Sometimes it's rudeness. Other times it's sarcasm.

Think of this forum as the water cooler out of earshot of the bosses.

Anyone that makes it through the tough love usually ends up thoroughly enjoying being part of the banter. Anyone that doesn't? Probably not long for the job anyway. Only 4% make it to their first anniversary overall.

It takes a thick skin and an ability to look at things a bit sideways to do this type of work. "Dark sense of humor" should be listed as a job requirement, right after "Valid driver's license". They're almost equally important.


----------



## Mista T (Aug 16, 2017)

Jason47811 said:


> Uber actually will do the same thing as well. Two days ago I drove a drunk guy home who gave me a one-star and also filed seven different false complaints against me, and when I contacted Uber they voluntarily offered to not pair me with him again. That happened for me one other time as well but I cannot quite remember the situation.
> 
> On a side note, I joined this forum today and saw a post where a member stated that they had noticed that a lot of the responses were very rude. From what I have been reading I would have to agree with her. What is the point of this? Being rude to people asking a question serves no purpose. To those doing so to feel superior.... I promise it's only in your own head that you are.


I agree with suze.

i will also add that 90% of issues posted by new people have already been covered to death, a little time spent using the search bar will answer almost any question.
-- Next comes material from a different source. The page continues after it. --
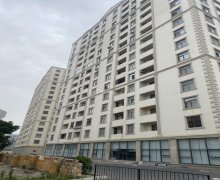Satılır Yeni Tikili Elmlər akademiyası m., Yasamal r. Satılır Yeni Tikili Elmlər akademiyası m., Yasamal r.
It gets annoying seeing the same post every 2 weeks about "I got a 1 star, it was so unfair!" or "Uber took 47% of the fare, how is this possible?" Without the sarcasm, it becomes boring.


----------



## Flacco (Apr 23, 2016)

Johnny Driver said:


> I will in a couple of weeks so they don't know it is me. This will also alert other drivers that there is a problem with this PAX.


The rider app usually does does change their rating right away. It might take a week. Also, you can not change a Riders rating with Uber anymore.


----------



## Ironhawk2 (Feb 24, 2017)

Just be polite, tell them that the most you can wait is 5 minutes, uber policy. Than tell them that they can request another uber once they are done shopping.


----------



## Ubingdowntown (Feb 25, 2017)

Johnny Driver said:


> First time this has happened to me if someone asks I don't wait while people shop. But this PAX had a stop at Walmart and then his second stop was back home. I tried to cancel after 15 minutes and no go the app wouldn't let me cancel the trip while it was in progress. 30 minutes later he returns. Is there a way to cancel this trip. Or see extra stops before picking up a Pax. How would you handle this if you realized this was happening at the first stop?


Start the second trip and drive till you're far enough to end the trip. No way would I get punked that hard.


----------



## uberdriverfornow (Jan 10, 2016)

Johnny Driver said:


> First time this has happened to me if someone asks I don't wait while people shop. But this PAX had a stop at Walmart and then his second stop was back home. I tried to cancel after 15 minutes and no go the app wouldn't let me cancel the trip while it was in progress. 30 minutes later he returns. Is there a way to cancel this trip. Or see extra stops before picking up a Pax. How would you handle this if you realized this was happening at the first stop?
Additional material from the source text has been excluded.